Given a benchmark task, the workflow generally follows these steps:
- Define the metrics
- Perform bootstrapping
- Perform interpolation
- Train/Test split and Statistical Aggregation
- Virtual Best Baseline
- Evaluating Parameter Recommendation Strategies
- Visualization
Each step is explored in greater detail along with code implementation at examples/QAOA_iterative/qaoa_demo.ipynb.
In this first step, we configure the central object for the benchmark task. We define:
- The algorithm parameters being tuned
- Columns used to group problem instances
- The column containing the optimization objective
- Optimization direction (Minimization / Maximization)
Suppose we have a distribution of data based on a numerical parameter. In the case of an optimization task, a more concrete example would be to have the execution performance of an algorithm based on input values. It is often useful to understand how this distribution would look if the numerical parameters were different.
Bootstrapping is a statistical process that allows us to build distributions of the expected values of the results we are interested in for different input values.

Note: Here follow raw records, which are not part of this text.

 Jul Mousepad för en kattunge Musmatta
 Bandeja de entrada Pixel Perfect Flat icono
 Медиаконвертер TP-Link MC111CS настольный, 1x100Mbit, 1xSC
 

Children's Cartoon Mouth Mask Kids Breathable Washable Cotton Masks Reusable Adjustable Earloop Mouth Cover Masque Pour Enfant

Example: For algorithm A with an input parameter i, we have a distribution of n performances p.
$$
P=[p1,...,pn]
$$
The goal of A is to minimize p. We are interested in knowing what this performance would look like, had the algorithm been run with input j > i. Although we are not able to know in a concrete way what the minimum performance would be in that case, bootstrapping allows us to infer a distribution for the minimum performance. From that, we get the expected value and confidence interval for the minimum performance given different inputs.
When comparing different experimental runs, they often have data at different resource levels. This makes comparison difficult. Interpolation allows us to compute, for each run/method, a common comparison metric.

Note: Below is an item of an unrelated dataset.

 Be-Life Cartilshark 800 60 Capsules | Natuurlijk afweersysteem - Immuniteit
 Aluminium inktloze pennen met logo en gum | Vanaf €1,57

Example: Algorithm A and B might solve the same problem with different sets of parameters, which is a problem at first. But, the total energy spent by A could be determined by some combination of its input parameters, while the same is true for B. Interpolation allows us to compare them through the lens of this common metric.
One of the goals of the framework is to provide recommendations for the input parameters. For that, different data splits serve different purposes. The train set is used to learn the best parameter strategies, while the test set is used to verify them against unseen data.
When dealing with different problem instances, it is likely that the input parameters that work well for one instance are not optimal for another. Even if that's the case, it is useful to study how good of a performance we would get if it were possible to select the best input parameters for every unknown instance. This is what we are calling Virtual Best Baseline. It gives us an upper bound that generates insights into how good the current performance is, even though the Virtual Best Baseline itself is unachievable.
After having devised parameter recommendations from the training set, we need a way to evaluate how well these recommended strategies perform on new instances (test set). For this, the framework applies two different strategies:
- We can aggregate statistics across all training instances to learn a parameter recipe. We refer to this as the Aggregate-then-Recommend projection strategy.
- It is also possible to look at what parameters work best for each instance individually. After this, we can average those recommendations.
The framework's results can be visualized, mainly, through two lenses:
- We can look at how our defined metric of interest compares against the defined resource. Here we can compare the Virtual Best, the Projection from the Training Set, and the Performance from the Training Set. Essentially, this tells us how close we can expect to be from the Virtual Best when new problem instances come in.
- We can look at how we should distribute our input parameters for different resource amounts. Getting back to the previous energy example, if we have a given amount we are willing to spend, this can be achieved via different combinations of inputs. This analysis tells us what inputs to pick in order to achieve the performance metrics computed by the framework.